Short text fragments from websites
____

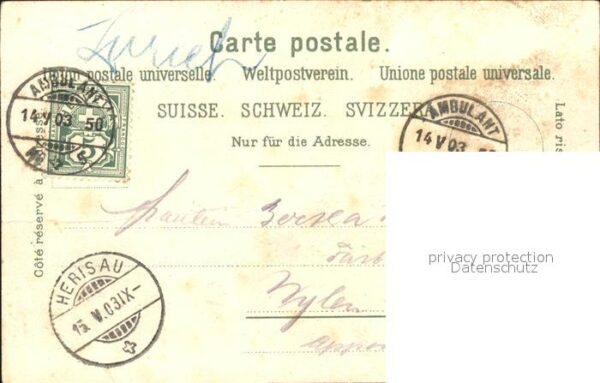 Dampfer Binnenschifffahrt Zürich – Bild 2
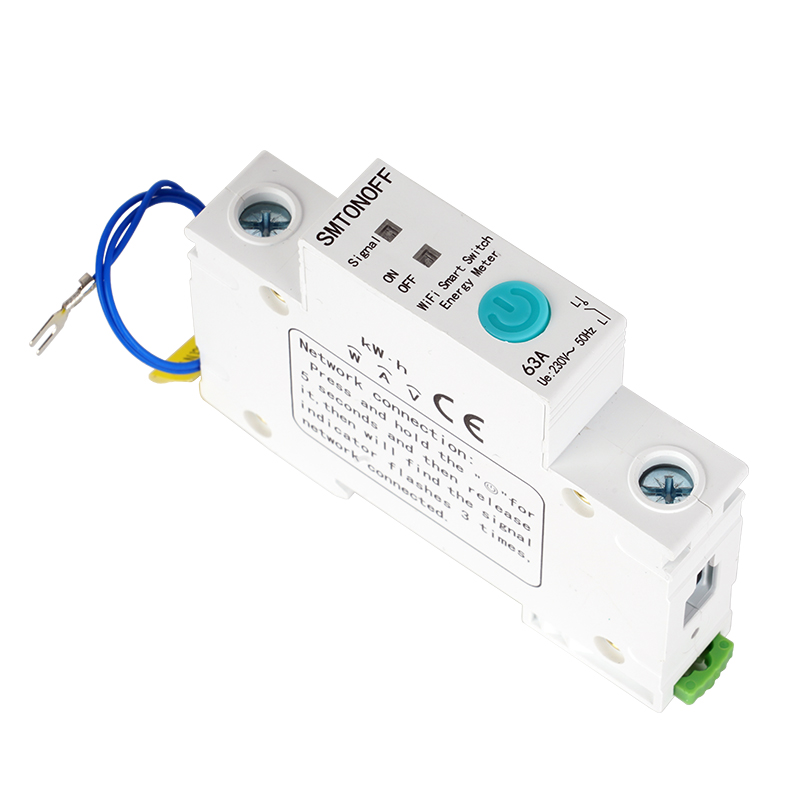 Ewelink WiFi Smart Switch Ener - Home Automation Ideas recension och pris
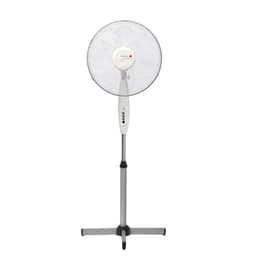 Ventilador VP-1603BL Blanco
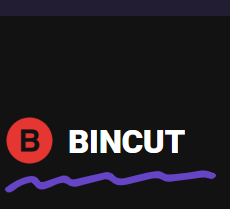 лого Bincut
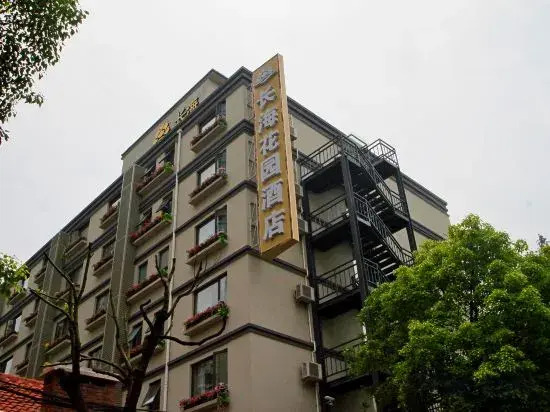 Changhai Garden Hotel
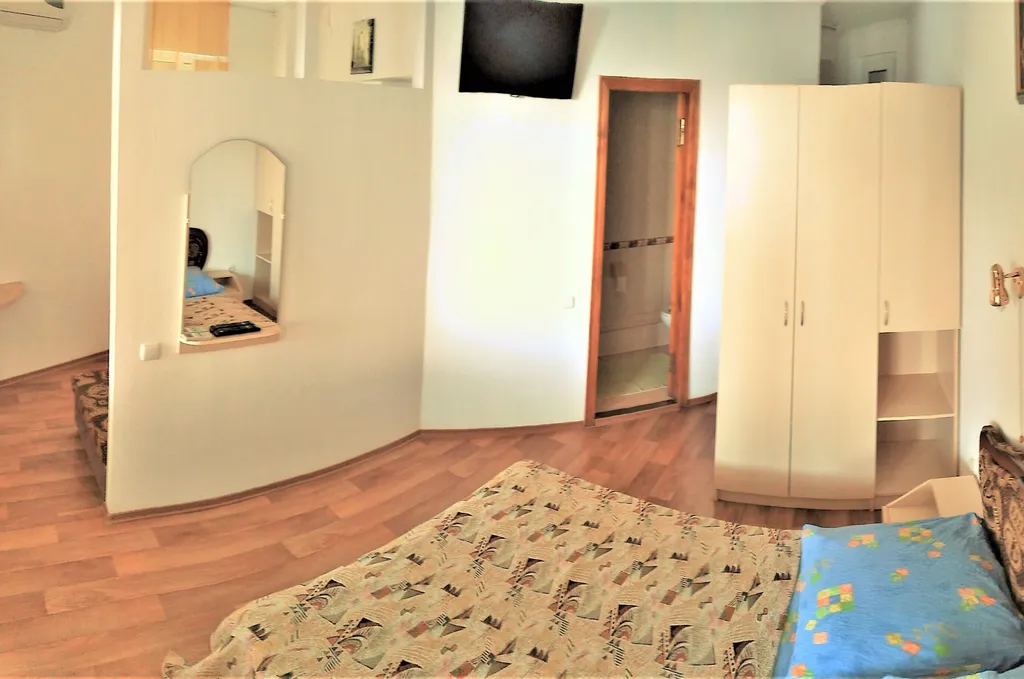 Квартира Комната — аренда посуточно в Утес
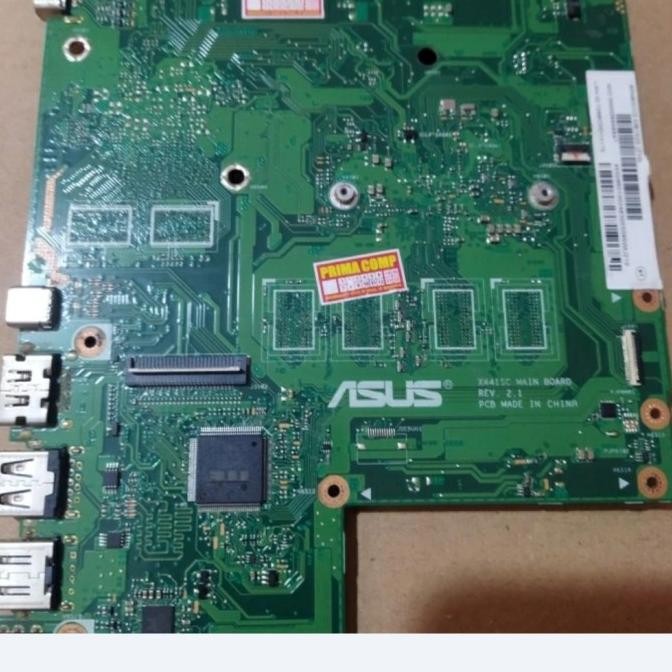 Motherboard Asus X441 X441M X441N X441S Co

____

What you will do.
Could you write out again, exactly, the lines from the line containing "Ewelink WiFi Smart" through the last line of the records above? Leave out the pictures.

Written reply.
 Ewelink WiFi Smart Switch Ener - Home Automation Ideas recension och pris
 Ventilador VP-1603BL Blanco
 лого Bincut
 Changhai Garden Hotel
 Квартира Комната — аренда посуточно в Утес
 Motherboard Asus X441 X441M X441N X441S Co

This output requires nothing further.